··· Records supplied

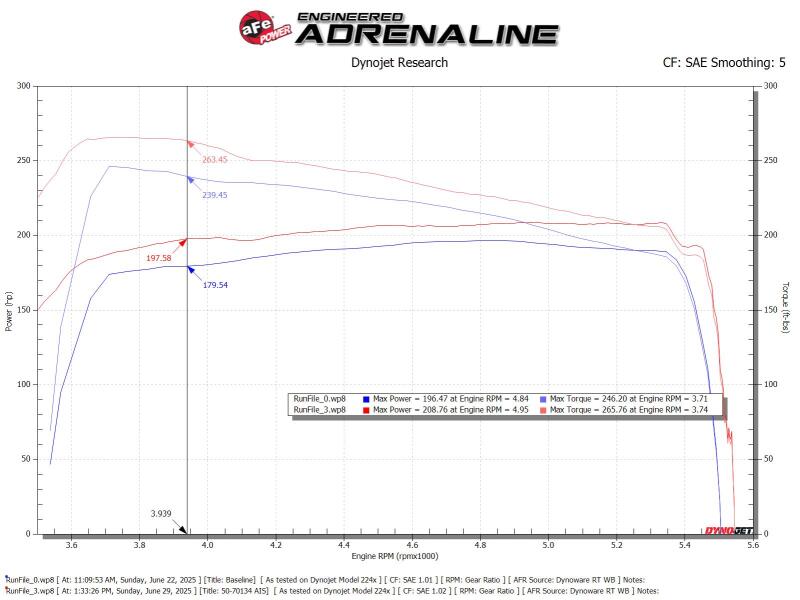 aFe 50-70134D Momentum GT CAI w/ Pro DRY S For Toyota Hilux 15-25 V6-4.0L
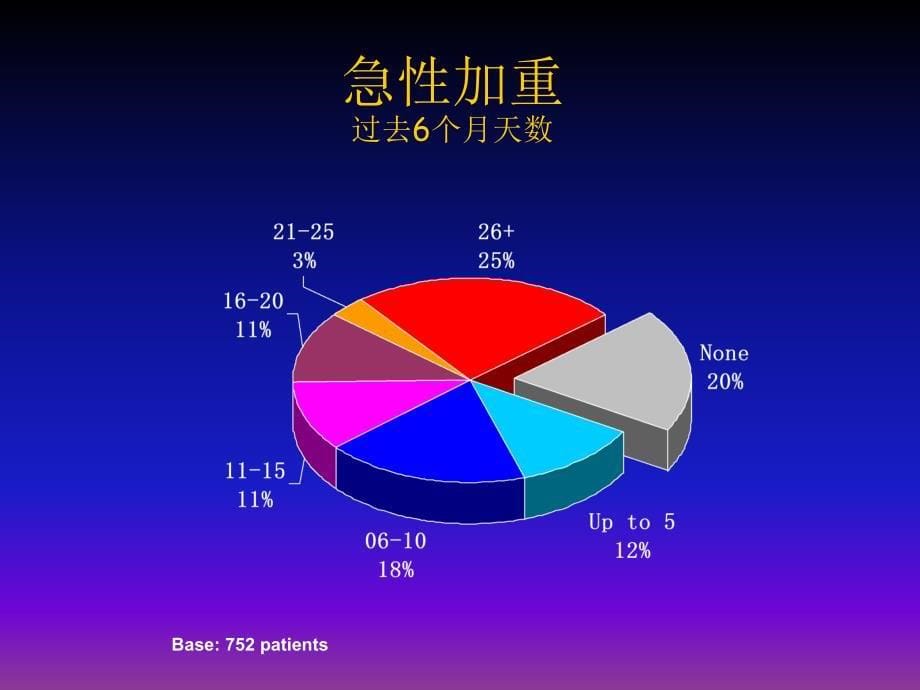 慢性呼吸道疾病GARD_第5页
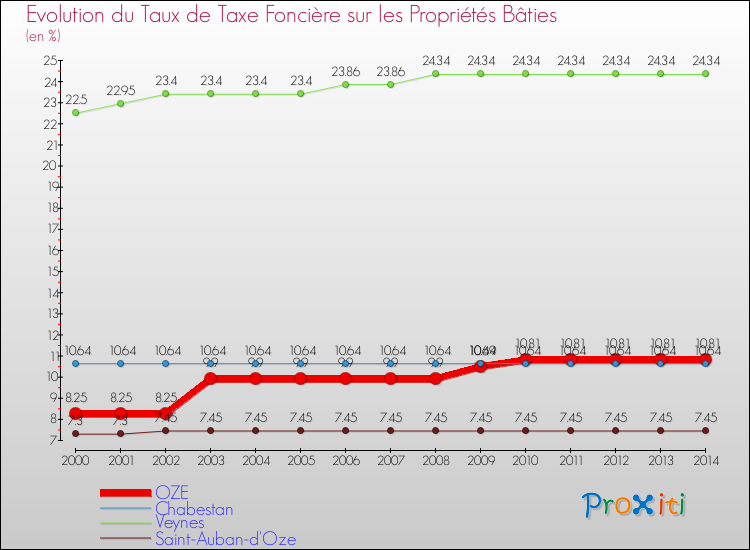 Evolution du taux de la taxe foncière sur le bati pour OZE et les communes proches de 2000 à 2014 Comparaison des taux de taxe foncière sur le bati pour OZE et les communes voisines de 2000 à 2014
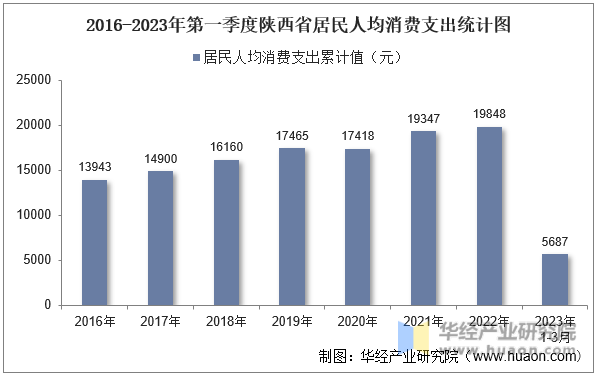 2016-2023年第一季度陕西省居民人均消费支出统计图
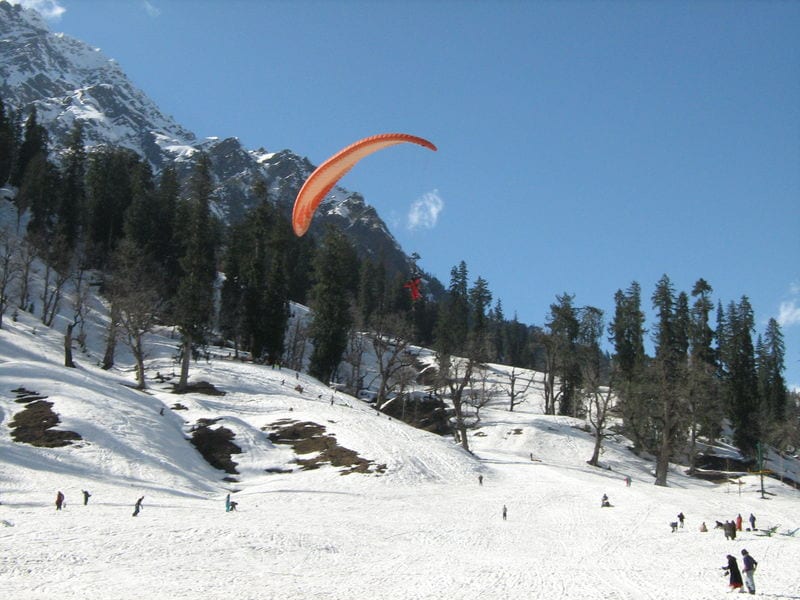 Places to Visit in Manali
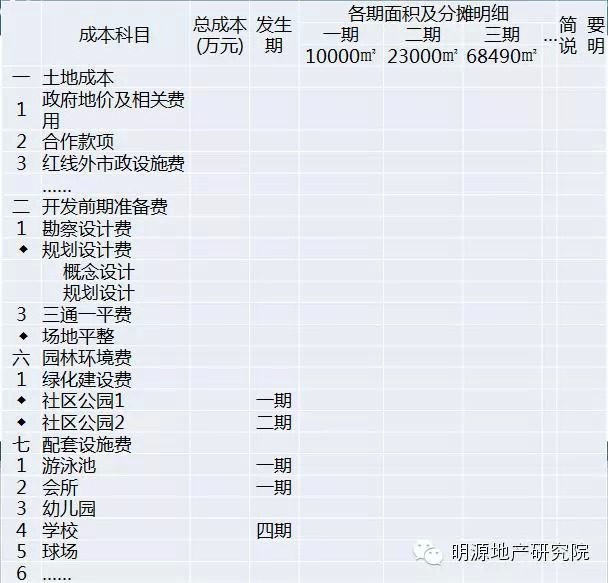 碧桂园成本管理活动资料下载-万科、碧桂园的项目成本分摊秘籍，消灭模糊地带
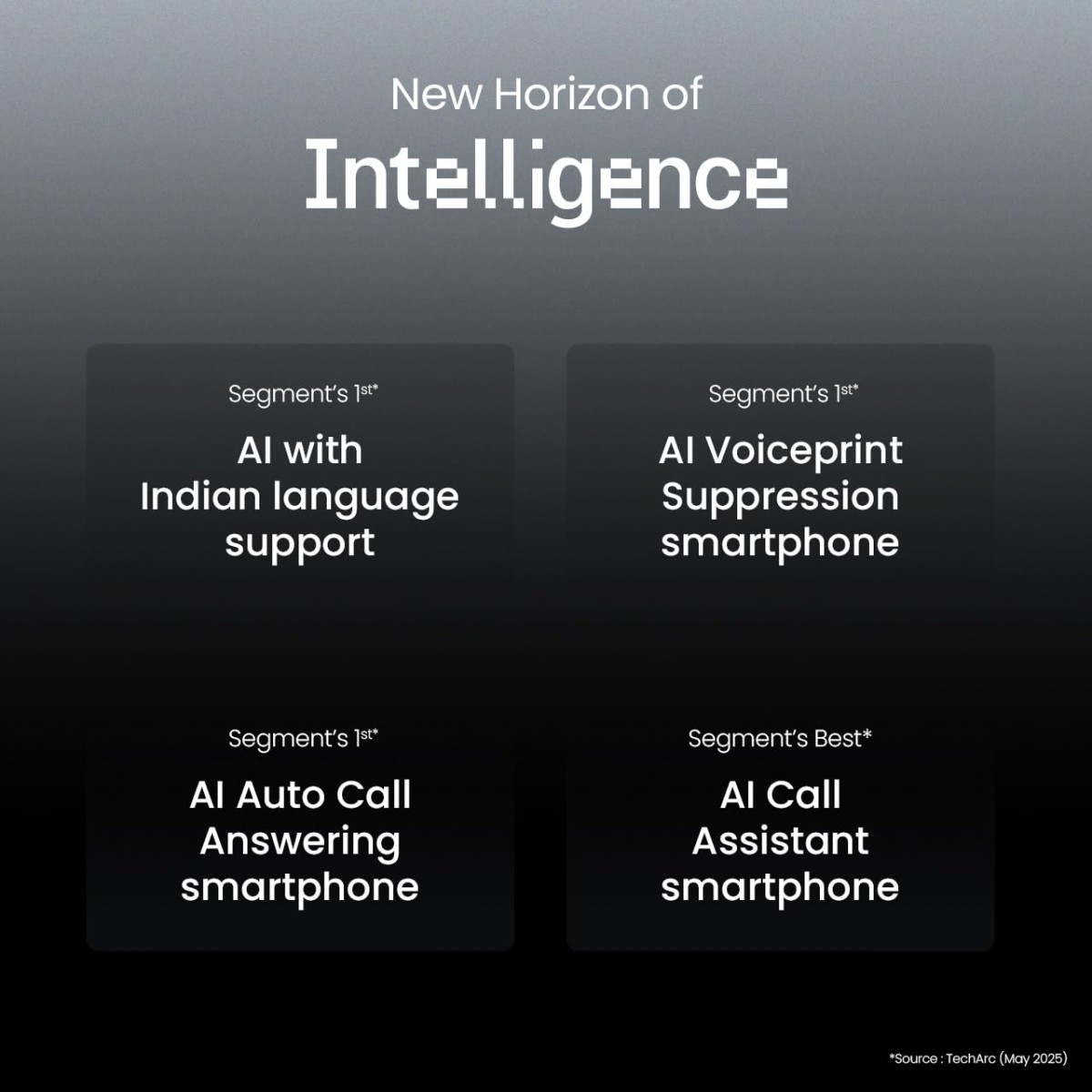 TECNO POVA Curve 5G (8GB+128GB), 144Hz AMOLED, Slimmest 7.45mm Curve with 5500mAh Battery, Segment's 1st AI 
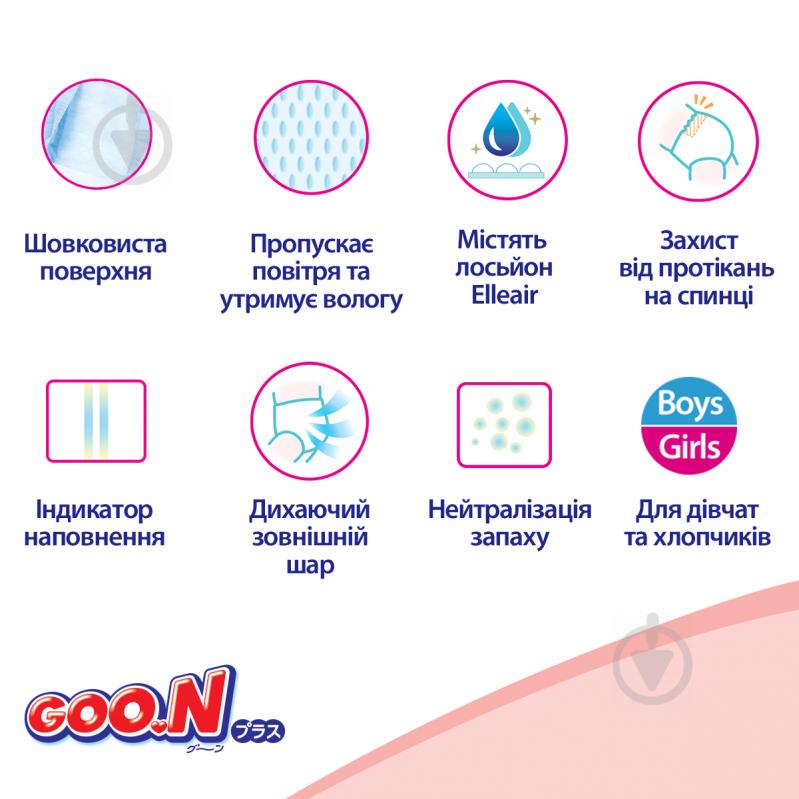 Підгузки Goo.N на липучках унісекс NB до 5 кг 36 шт. - фото 11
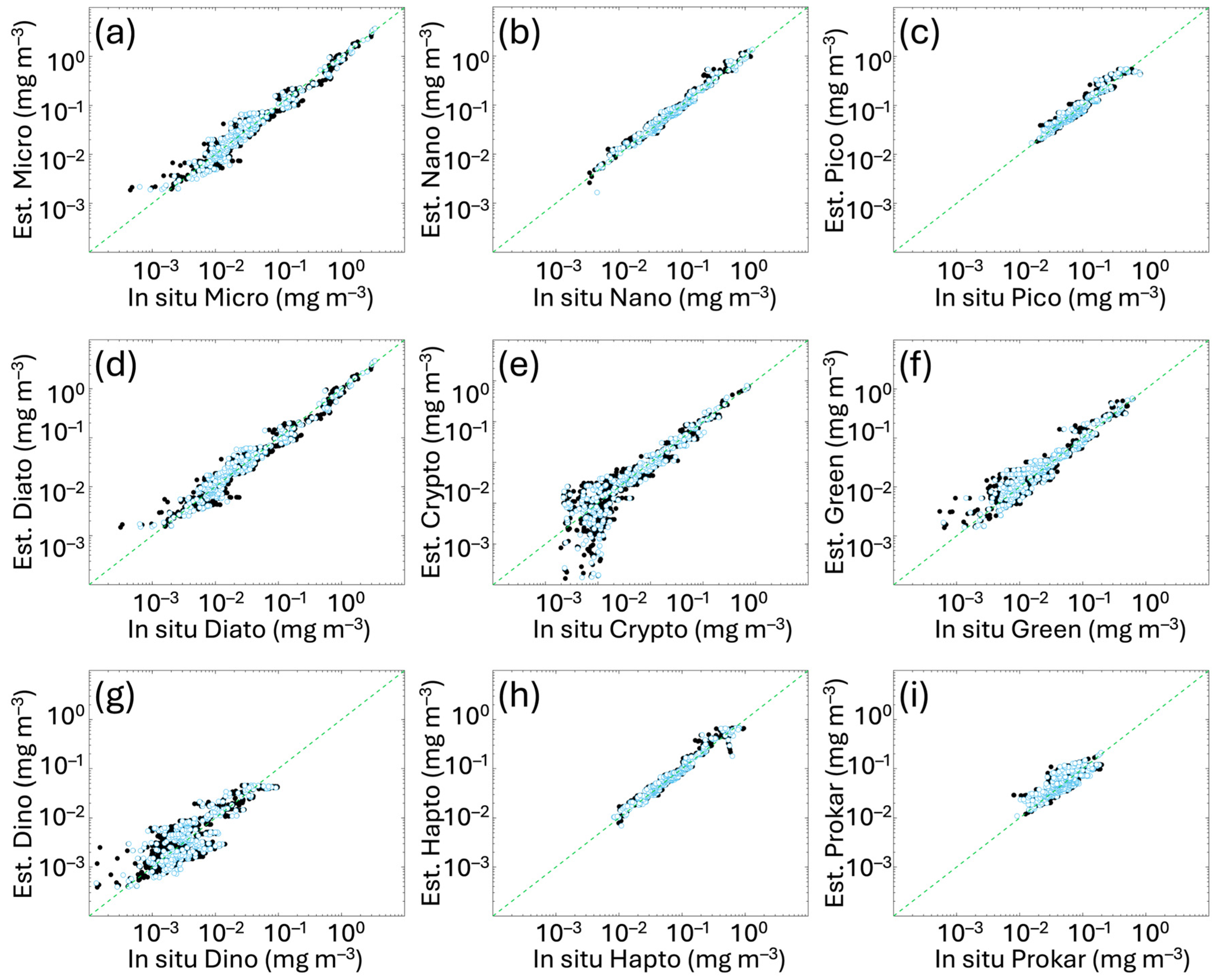 Remotesensing 17 03586 g003 Remotesensing 17 03586 g003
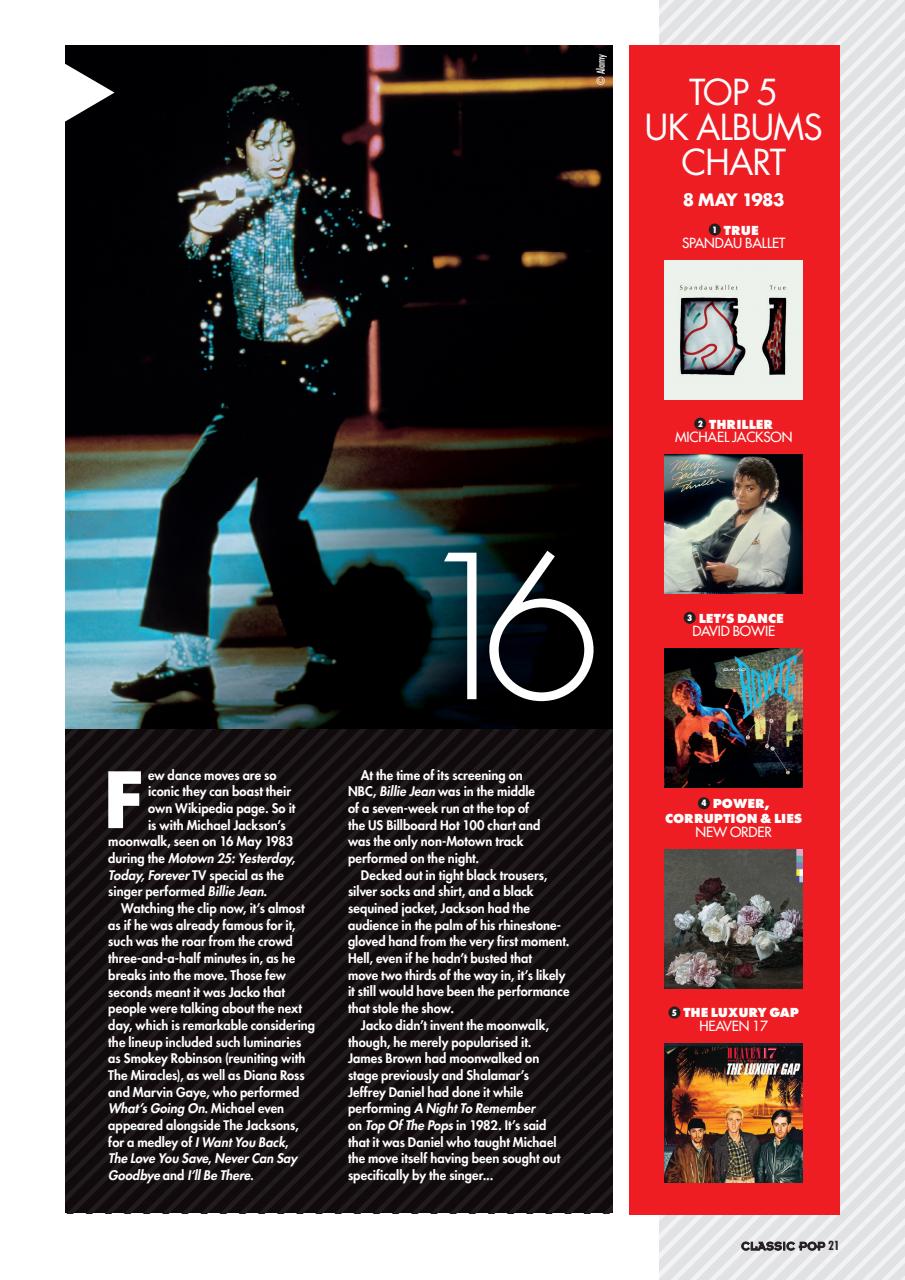Classic Pop Preview Pages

······

» Directions
Leaving the pictures aside, repeat the data above exactly.

» Solution to this exercise
 aFe 50-70134D Momentum GT CAI w/ Pro DRY S For Toyota Hilux 15-25 V6-4.0L
 慢性呼吸道疾病GARD_第5页
 Evolution du taux de la taxe foncière sur le bati pour OZE et les communes proches de 2000 à 2014 Comparaison des taux de taxe foncière sur le bati pour OZE et les communes voisines de 2000 à 2014
 2016-2023年第一季度陕西省居民人均消费支出统计图
 Places to Visit in Manali
 碧桂园成本管理活动资料下载-万科、碧桂园的项目成本分摊秘籍，消灭模糊地带
 TECNO POVA Curve 5G (8GB+128GB), 144Hz AMOLED, Slimmest 7.45mm Curve with 5500mAh Battery, Segment's 1st AI 
 Підгузки Goo.N на липучках унісекс NB до 5 кг 36 шт. - фото 11
 Remotesensing 17 03586 g003 Remotesensing 17 03586 g003
Classic Pop Preview Pages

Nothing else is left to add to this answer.